Main News Can of Ham

Can of Ham

Can of Ham

Foggo Associates has completed a curved iconic high-rise in central London at 70 St Mary Axe, which is widely known as the “Can of Ham” due to its distinctive shape.

The 22-story tower stands on the same street as the Foster + Partners-designed skyscraper at 30 St Mary Axe, which is called the Gherkin, in a grouping of high-rises in the City of London.

The building has an arched profile, with two curved façades and flat ends creating a distinctive shape that resembles the shape of tins of ham, from which it gets its nickname.

70 St Mary Axe’s unusual form was the result of Foggo Associates wanting to reduce the building’s footprint at street level while creating standard-shaped floors for use as offices.

“It could be argued that it is a mark of its iconic nature as other buildings of such recognizable form all seem to gain nicknames. We will take it as a compliment,” said David Warrender, director at Foggo Associates. 

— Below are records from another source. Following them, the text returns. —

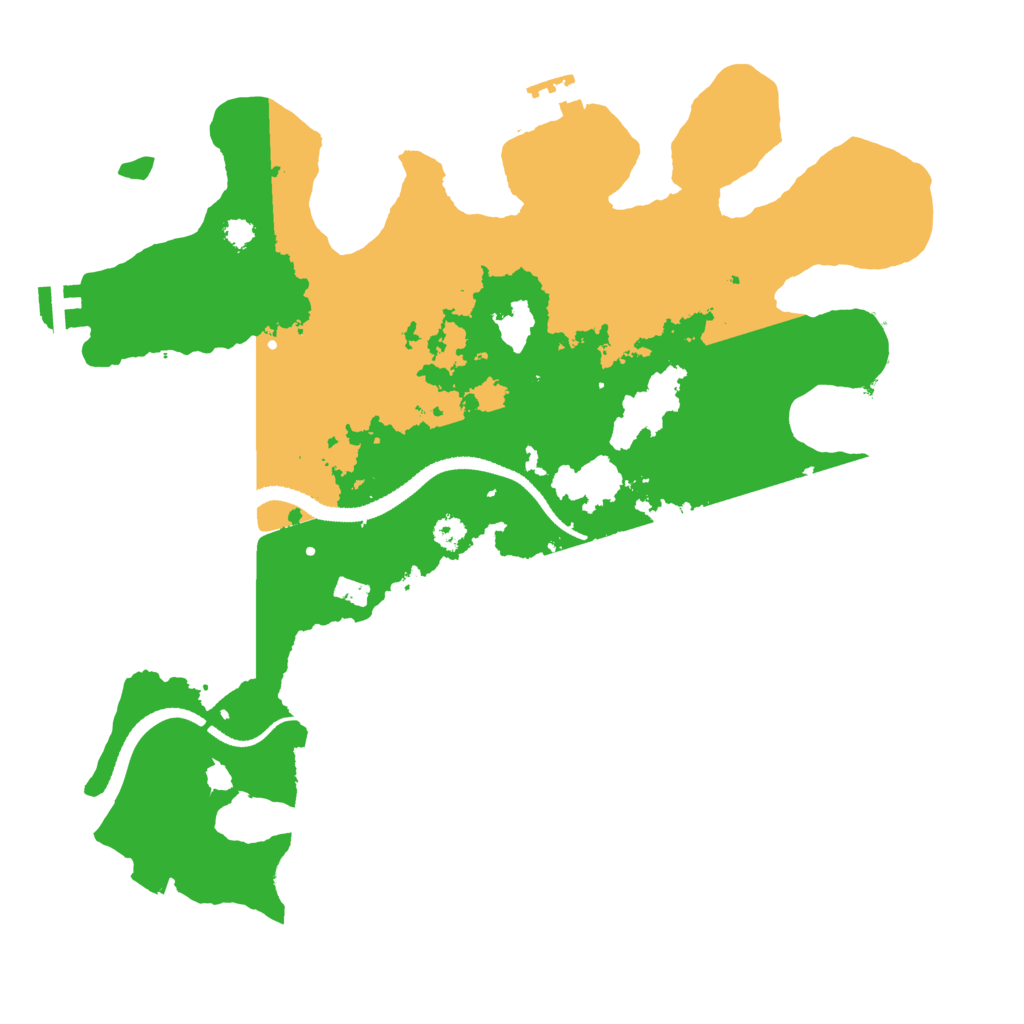 Biome Rust Map: Procedural Map, Size: 3200, Seed: 1832225822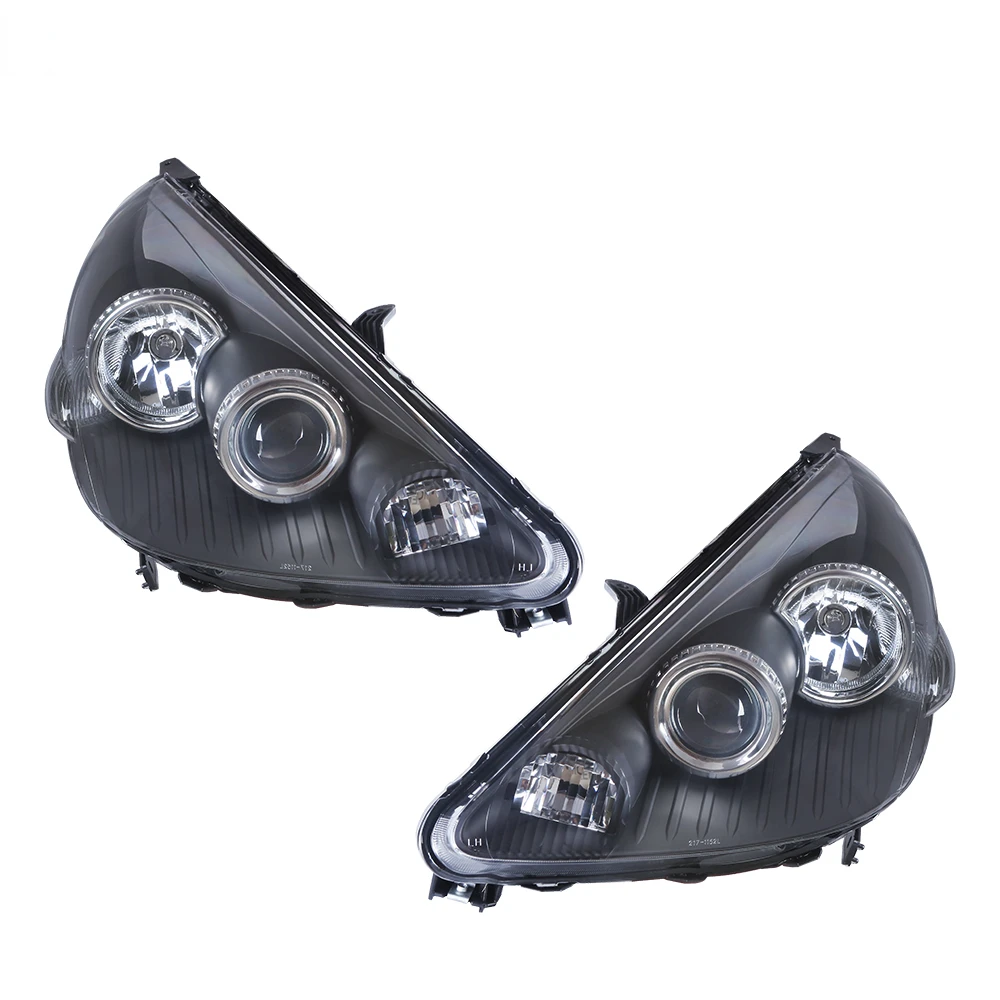 for Honda 04-07 fit headlight assembly old fit modified LED headlight lens 06 black bottom highlight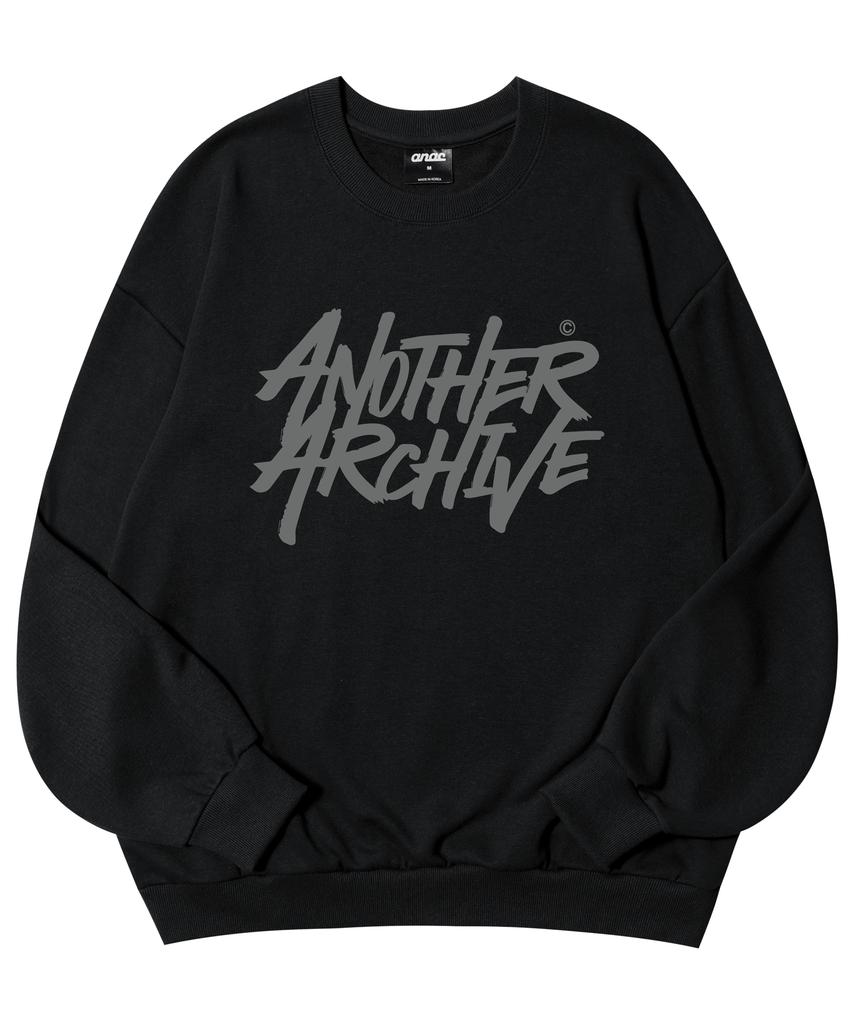 ANOTHER ARCHIVE Graffiti Oversized Sweatshirt_Navy
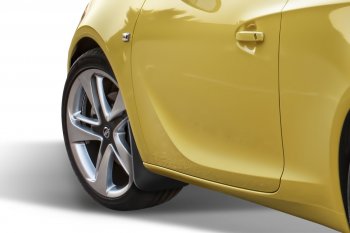 1 249 р. Передние брызговики NovLine 2 шт Opel Astra J GTC (2011-2018)  с доставкой в г. Кемерово. Увеличить фотографию 2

“There is a misconception that the building is a funny shape and therefore must have oddly-shaped floor plates, when in fact, the scheme is a classic central core building where every floor is a perfect rectangle, albeit of varying sizes,” he added. 

The 90-meter-tall block contains 28,000 square meters of office space on its upper 20 floors, above 430 square meters of shops on the first, ground and basement level.

The building’s basement contains 360 bicycle parking-spaces, along with 35 shower units, that have helped the development achieve a WELL Being Standard wellness rating of Gold.